Its pretty big. Not sure what to compare it too. Pacific Fu1600. Got over excited when i purchased


----------



## Str8jacket (Nov 12, 2015)

Hi Ed, is the 12in too big for your machine or does it make it awkward to work around the size?


----------



## Tony Wells (Nov 12, 2015)

Ben, you have any documentation like a mannual for your mill? It looks a lot like my Zayer in many features. I have been unable to find much info on the net on mine, even trying the factory.


----------



## Str8jacket (Nov 12, 2015)

No nothing. I did have a bloke who promised to get me some but never came through. I think i will harass him again. 
I think mine is either a rebadged or a knock off lagun


----------



## wrat (Nov 12, 2015)

Str8jacket said:


> Its pretty big. Not sure what to compare it too. Pacific Fu1600. Got over excited when i purchased


Looks like we both did the same thing.

I excitedly purchased a Kearney Trekker 210CH (like a 3C, i think) which looks just like an older big-brother of yours.  With it, I got a 23 inch(!) KT rotary table.  The rotary is wider than the mill table, but the interface is the same.
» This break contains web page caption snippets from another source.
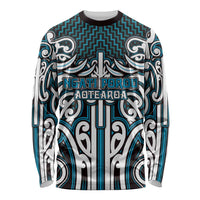 Custom Aotearoa Ngati Porou Long Sleeve Shirt Maori Tribal Pattern Mix Poutama LT05 Unisex Blue - Polynesian Pride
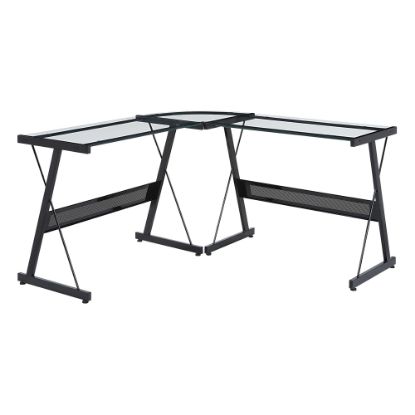 Picture of Office Star 56inW Prime Glass & Metal L-Shaped Computer Desk, Black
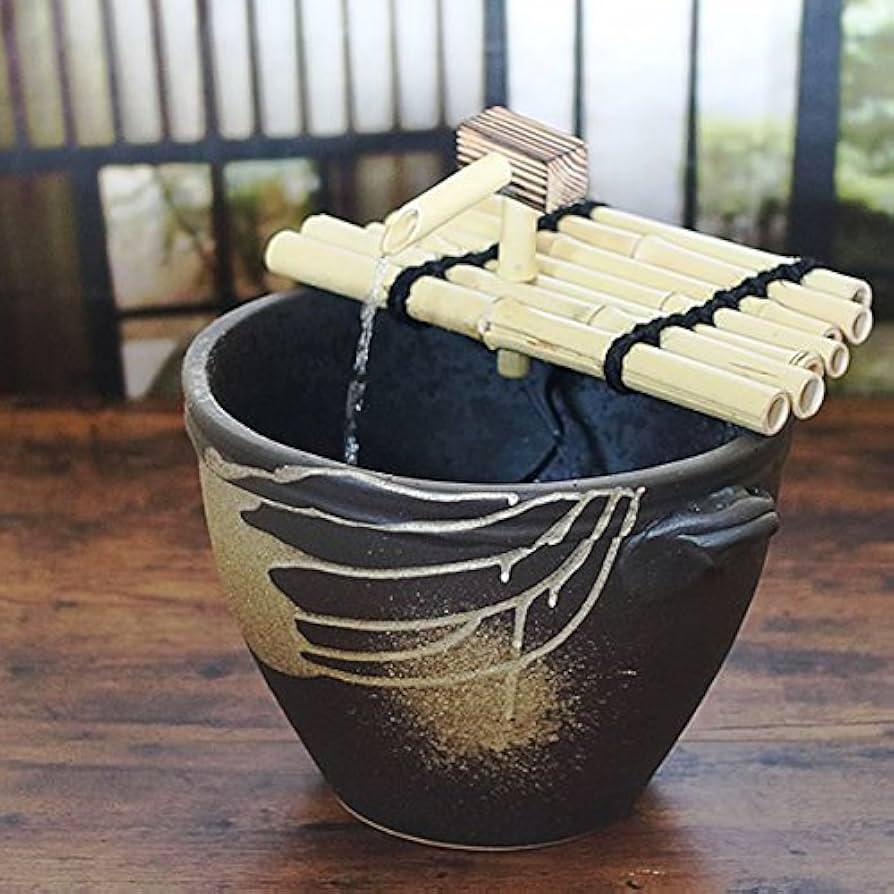 Amazon.co.jp: 信楽焼 耳付き水流れ 湧き水つくばい 電動つくばい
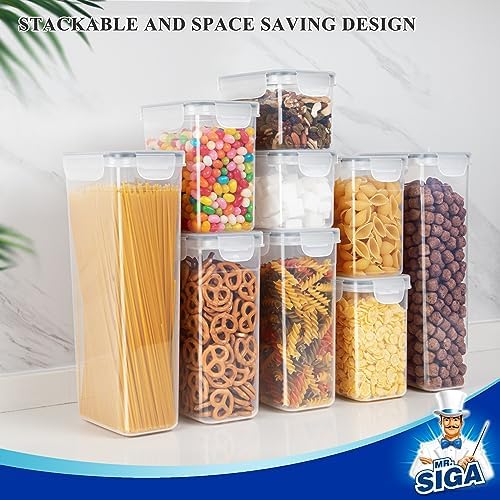 MR.SIGA 12 Pack Airtight Food Storage Container Set, BPA Free Kitchen Pantry Organization, Kitchen Canisters for Cereal, Spaghetti, includes 16 Reusable Sticker Labels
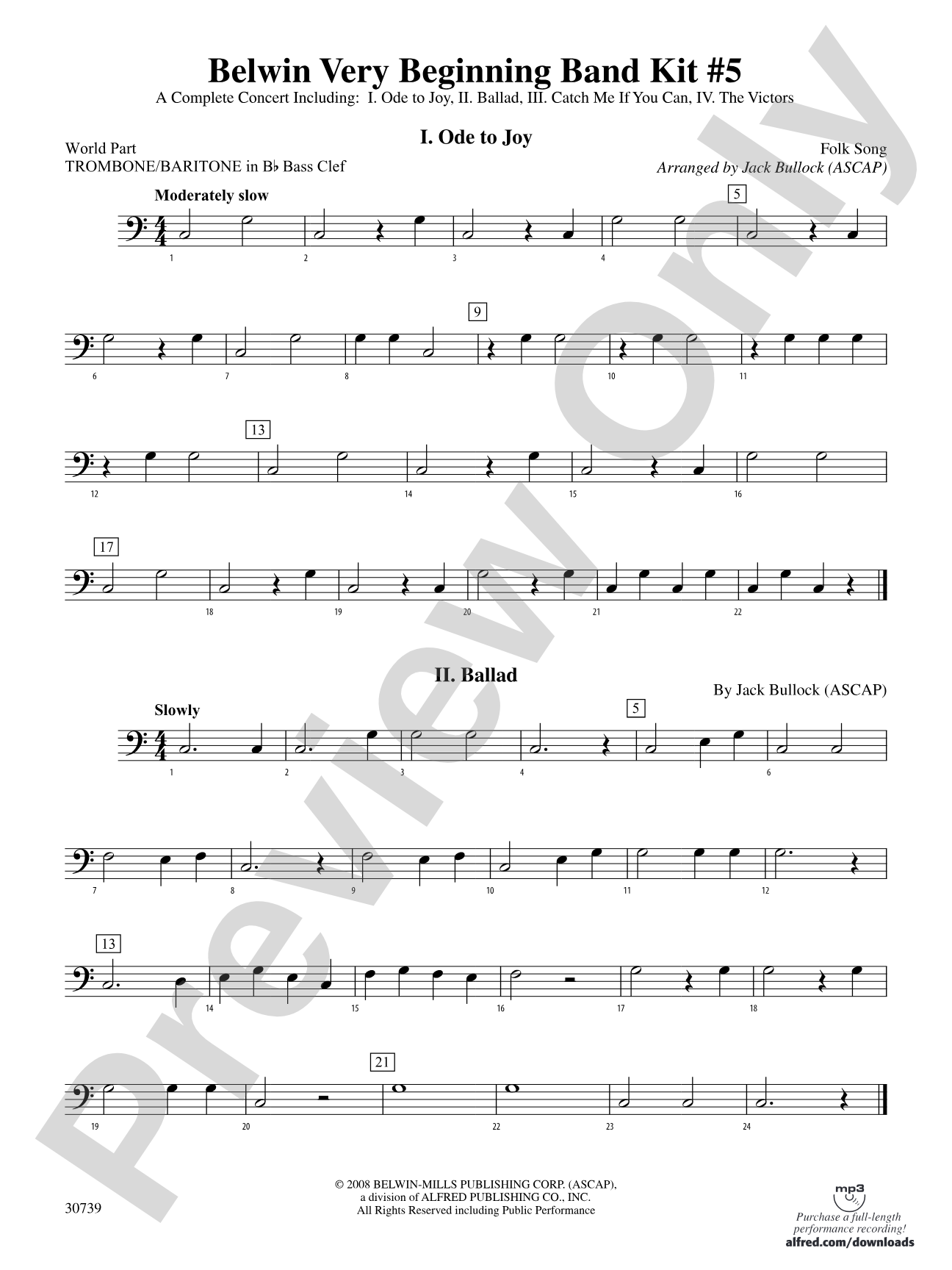 Belwin Very Beginning Band Kit #5: (wp) 1st B-flat Trombone B.C.
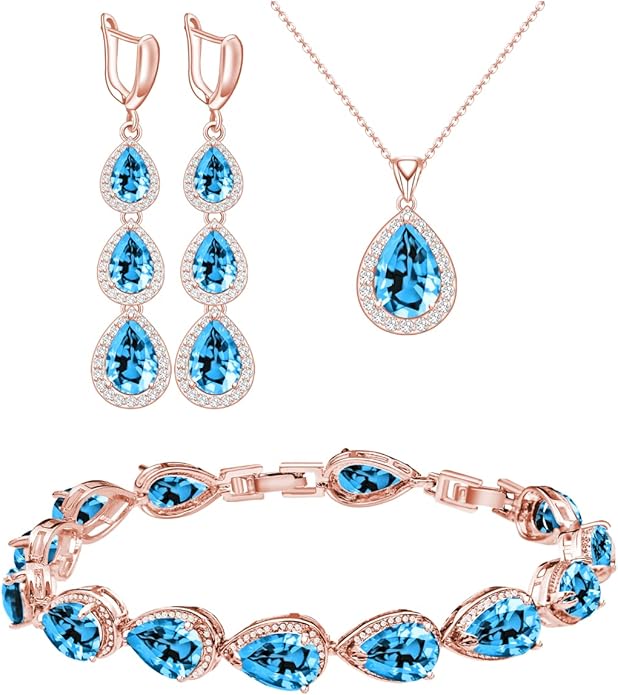 LMXXVJ Necklace Long Earrings Bracelet Set, White Gold Plated Created Blue Sapphire Jewelry Set Wedding Party Gift Jewelry for Women Bridal Bridesmaid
According to KT literature, the rotary table weighs 750lb.  I believe it.  Now while that sounds like a lot, according to the same literature, the machine weighs so-close-as-not-to-matter 10,000 lbs.  So it all works.

In answer to your question, no, I don't think you can have a table too big.  If the spindle can reach the center point without interference, then it's a good fit.   There's no need for the crossfeed to reach beyond the center, at least not geometrically, so once again, bigger is better -- whether it is or not <LOL>

Pro Tip:  Without reservation, I'd say the most important aspect is being able to remove and replace the table at-will with minimal effort.  I've used a forklift, but am now installing a hoist and chain hardware.  Having a big rotary table is very desirable and too cool, but being able to NOT have the table is sometimes better.

Wrat


----------



## ogberi (Nov 12, 2015)

You can't have too big of a rotary table, just too small of a machine to use it on.  My buddy *GAVE* me a 10" rotary table.  It's just a bit too big for my little Atlas MFC mill with it's 4x18 table...


----------



## Ed ke6bnl (Nov 12, 2015)

I picked up the Bridgeport 12" at a garage sale for $100 BUt it was used with a motor drive, so it has calibrated Turning handle I made a handle but no dial yet. Also this was when I had BurkeMillrite mill 7x27 table. I just sold it and got a Bridgeport 9x36 table so may be more suitable. but for me a 10" would be ideal. I would trade for a smaller one.


----------



## jmanatee (Nov 12, 2015)

So I have been looking for a rotary table for my vertical mill (Millport 9 x 42)  I was looking for a 10"or  12"  is his to big?


----------



## stupoty (Nov 12, 2015)

I have a 10" one that came along at a good price, it's about as heavey as I would like to lift without some sort of hoist or roll around table at the same height as the mill. 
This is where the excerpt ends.